In diezelfde periode werd ook Jean Dubois opgepakt. Pinter en hij zouden een gelijkaardig gevangentraject afleggen. Pinter werd eerst een aantal maanden in Antwerpen opgesloten, alvorens hij naar het Fort van Breendonk werd afgevoerd. Na de Duitse inval was het Fort ingericht als “doorgangskamp” door de bezetter. Het had al gauw een reputatie verworven als ‘kamp van de sluipende dood’. Pinter verbleef er een maand, van oktober tot november 1942. Pinters tijd in Breendonk was een voorafschaduwing van de dood. In november 1942 werd hij samen met de andere Genkenaren, waaronder Dubois, naar het concentratiekamp in Mauthausen in Oostenrijk gestuurd… Dubois omschreef hem als “een man met een grote mond en een man uit een stuk”. Maar die halsstarrigheid leverde hem regelmatig afranselingen op. Die eisten onherroepelijk hun tol. Eind november werd Pinter naar het kamp in Gusen gestuurd, enkele kilometers van Mauthausen. Tijdens de tocht kon hij nauwelijks nog op zijn benen staan; twee medegevangenen moesten hem de hele weg lang ondersteunen. Voor de fel verzwakte oud-vedette van Thor eindigde het verhaal. Hij overleed op 3 december 1942. Ook Pinters broer Aloïs stierf in Gusen. Jean Dubois en Pinters oudere broer Adolf zijn twee van de weinige overlevenden van de opgepakte Genkse verzethelden.

Taalman

In de zomer van 1943 arriveerde Mevis in Breendonk. Mevis en Pinter (en Dubois) kruisten elkaar nooit in het Fort, maar sowieso kon hun lot nauwelijks meer van elkaar verschillen. Ze stonden als het ware elk aan een andere kant van de tralies. Mevis kwam in Breendonk terecht als ‘taalman’. Via zijn Duitse connecties was hij voor de Sicherheitsdienst gaan werken als tolk, in Brussel en in Hasselt. Na een aantal verschillende opdrachten werd hij naar het Fort gestuurd. Hij moest er de Duitsers bijstaan tijdens de verhoren. In de praktijk draaiden die telkens weer uit op de meest gruwelijke folteringen. De taalmannen lieten zich daarbij vaak niet onbetuigd. Uit getuigenissen blijkt dat ook Mevis zich verschillende keren te buiten ging aan geweldpleging tegen gevangenen.

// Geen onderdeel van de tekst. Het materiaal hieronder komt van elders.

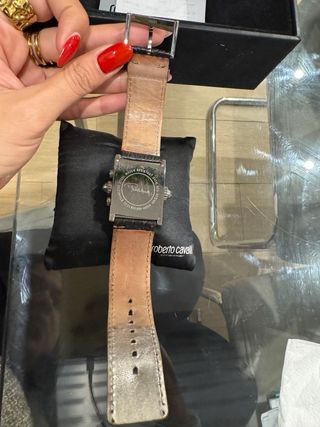 Reloj Roberto Cavalli Negro y Plateado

Mevis zou twee verschillende periodes in Breendonk aan de slag gaan.

Wat Mevis’ deed na zijn tijd in Breendonk, zou altijd in nevelen gehuld blijven. Hij verliet naar eigen zeggen de Sicherheitsdienst en hield zich een tijd bezig met smokkelen. Uiteindelijk sloot hij zich aan bij de Waffen-SS en vertrok hij naar Duitsland. Na de Duitse capitulatie werd hij gearresteerd en overgebracht naar België. Hij werd berecht werd en kreeg in april 1947 de doodstraf. Daartegen ging hij in beroep. Tijdens zijn verdediging claimde hij dat hij tijdens de oorlog de hele tijd lid was geweest van het verzet. In 1949 zou een definitieve uitspraak volgen. Op basis van tal van belastende getuigenissen, veroordeelde de krijgsraad Mevis tot levenslang. In de praktijk kwam hij na een gratieverzoek in 1954 vrij. Hij koos vervolgens voor een leven in de anonimiteit. Al gaf hij in de jaren ’80 wel een interview over zijn oorlogsverleden aan Maurice De Wilde.

Willy Pinter kon niet meer getuigen over zijn eigen oorlogsverhaal. Een deel van zijn relaas kennen we door een getuigenis van Jean Dubois. Maar dat werd grotendeels vergeten. Of genegeerd, zoals dat van vele verzetshelden. Onterecht. Pinter verdient de herinnering. Zeker in Genk. Per slot van rekening brak hij voor Thor Waterschei, later opgegaan in Racing Genk, de poort open naar de Eerste Klasse.